The second context is when a reference is bound to a temporary. The temporary to which the reference is bound or the temporary that is the complete object of a subobject to which the reference is bound persists for the lifetime of the reference except:
- A temporary bound to a reference member in a constructor’s ctor-initializer (12.6.2) persists until the constructor exits.
- A temporary bound to a reference parameter in a function call (5.2.2) persists until the completion of the full-expression containing the call.
- The lifetime of a temporary bound to the returned value in a function return statement (6.6.3) is not extended; the temporary is destroyed at the end of the full-expression in the return statement.
- A temporary bound to a reference in a new-initializer (5.3.4) persists until the completion of the full-expression containing the new-initializer.
回答2:
It may come as a surprise to you, but you can bind the value of a temporary expression to a constant reference, and the lifetime of the expression is extended to that of the reference.
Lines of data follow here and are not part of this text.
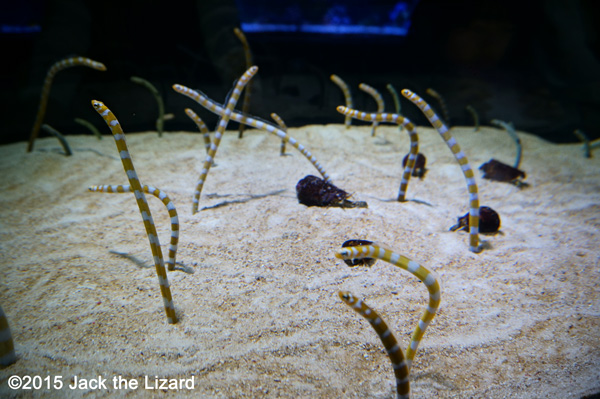 Splendid Garden Eel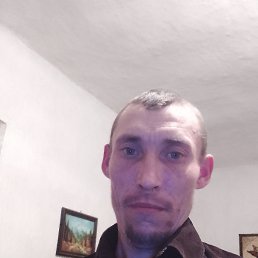 , 33, 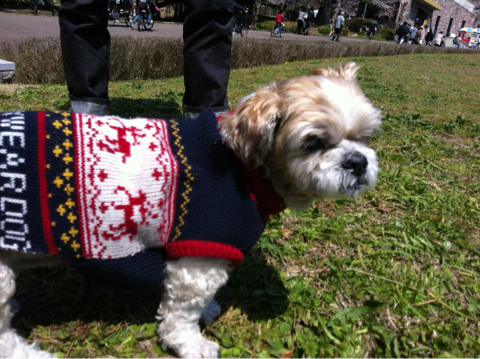 image-20120409135704.png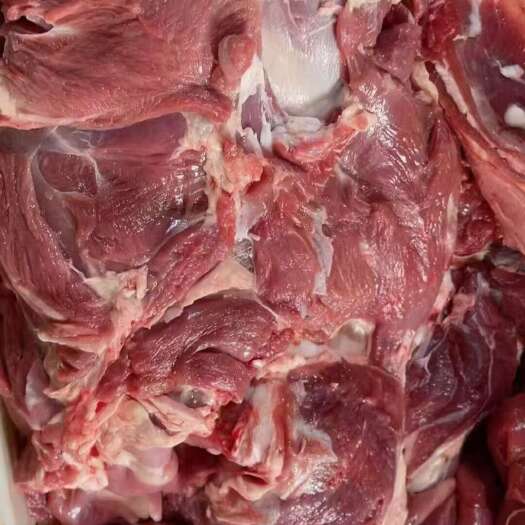 郑州羊腿肉 羊板肉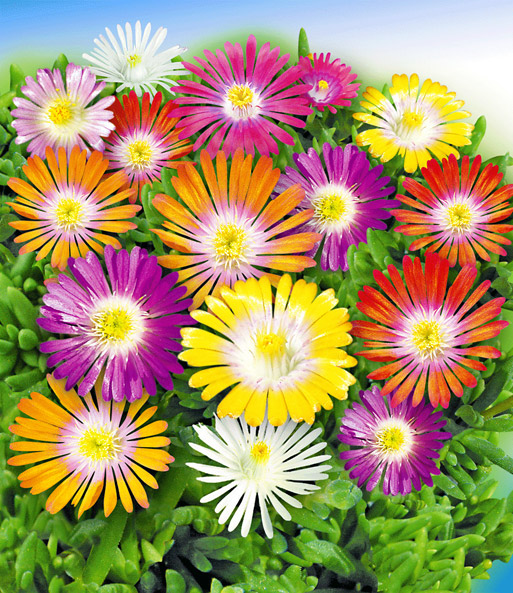 Collage aus allen Blütenköpfen des winterharten Eisblumen 'Wheels of Wonder' Farbmix,
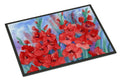 Gladioli Doormat Indoor Outdoor 18H X 27W Front Door Mat Rugs for Entryway, Non Slip Washable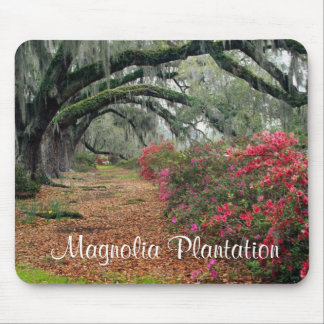 Magnolia Plantation / Charleston SC Mousepad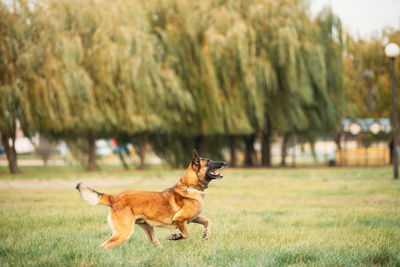 Dog running on field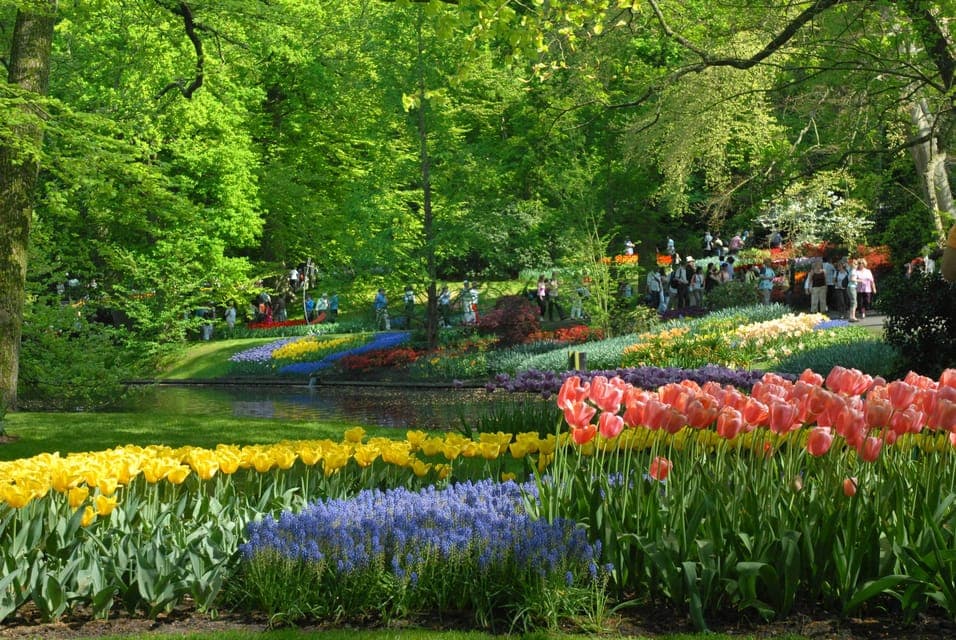 Half-Day Keukenhof Guided Tour with Entrance - Image 1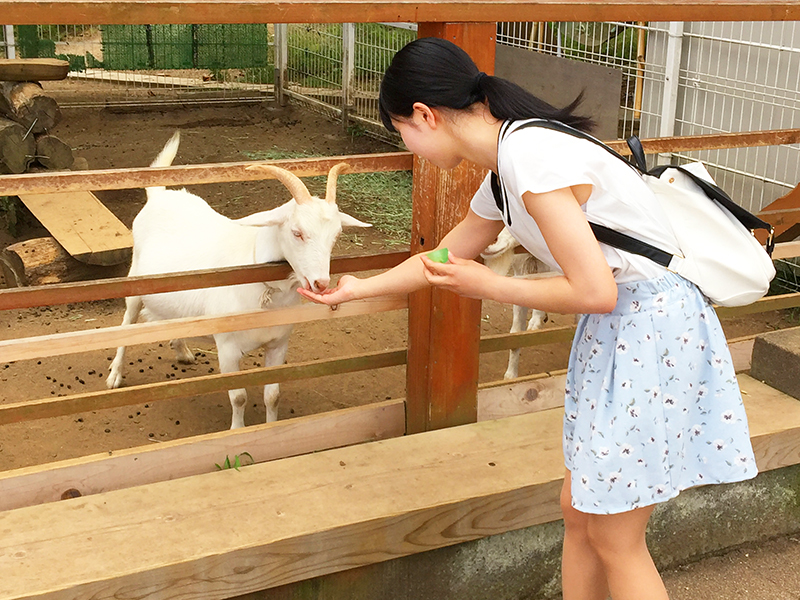 こども動物自然公園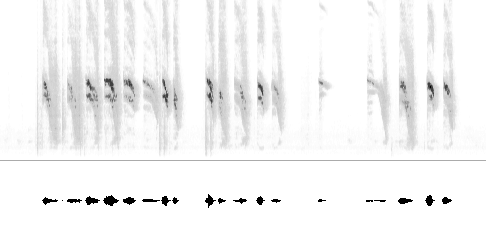 Sonogram av varsellyd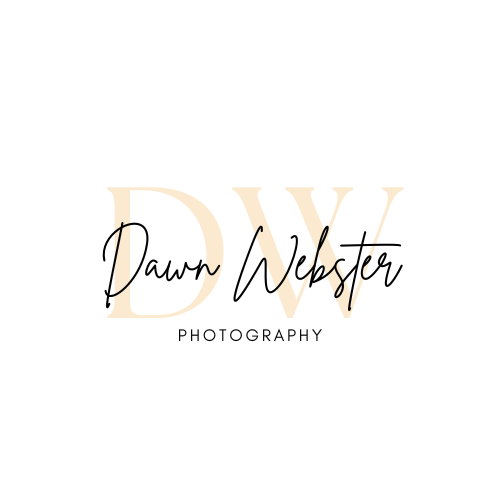 Dawn Webster Photography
But you cannot do this with a non-constant (lvalue) reference.
回答3:
The declarations of foo3 and foo4 are legal because the argument to those functions is not a reference.
The declaration of foo2 is illegal because you can't bind a non-const reference to a temporary.
So why is the declaration of foo1 legal? It's that very important const qualifier that makes this declaration legal.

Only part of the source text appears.